To purchase Investor Guides in digital or print format, please visit: www.sifma.org/store.
What are Corporate Bonds?
Corporate bonds (also called corporates) are debt securities, similar to an IOU, issued by private and public corporations. They are issued, typically in multiples of $1,000 or $5,000, to raise funds for various purposes, from building new facilities to purchasing equipment to expanding a corporation’s business.
Unlike stocks, which represent an ownership interest, bonds do not give an investor equity in the issuing corporation. Instead, when you buy a corporate bond, you lend money to the corporation, which promises to return the amount you lent them on a specified date in the future with interest paid on a periodic basis, usually semiannually.

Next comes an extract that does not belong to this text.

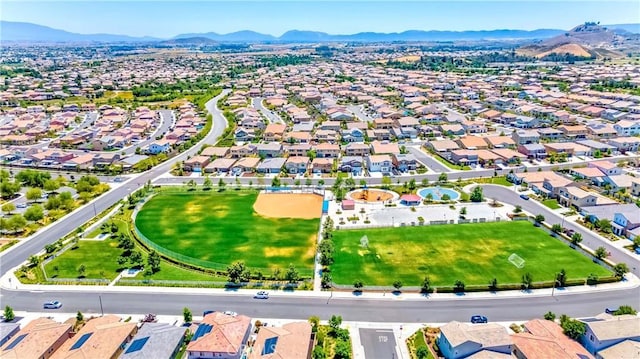 drone / aerial view featuring a residential view and a mountain view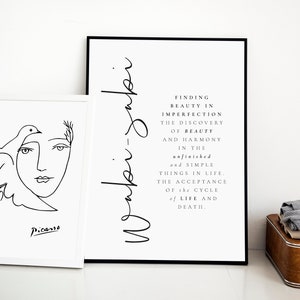 May include: Two black and white framed prints on a white wall. The print on the left is a line drawing of a woman's face with a dove. The print on the right has the text "Waki-jabi" and a quote about finding beauty in imperfection.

When you buy a bond, you are lending money to the corporation that issued it. The corporation promises to return your money (also called principal) on a specified maturity date. Until that time, it also pays you a stated rate of interest, usually semiannually. The interest payments you receive from corporate bonds are taxable. Unlike stocks, bonds do not give you an ownership interest in the issuing corporation.
How Large is the Corporate Bond Market?
Corporate bonds are issued by a wide range of entities from virtually every private sector of the economy, as well as by public utilities. Corporate bonds can be issued by US-based and foreign corporations.
Most corporate bonds trade in the over-the-counter (OTC) market, rather than on a centralized securities exchange such as the New York Stock Exchange (NYSE). Instead of trading in a central physical location like an exchange, the OTC market consists of dealers and brokers around the world trading bonds electronically and via telephone.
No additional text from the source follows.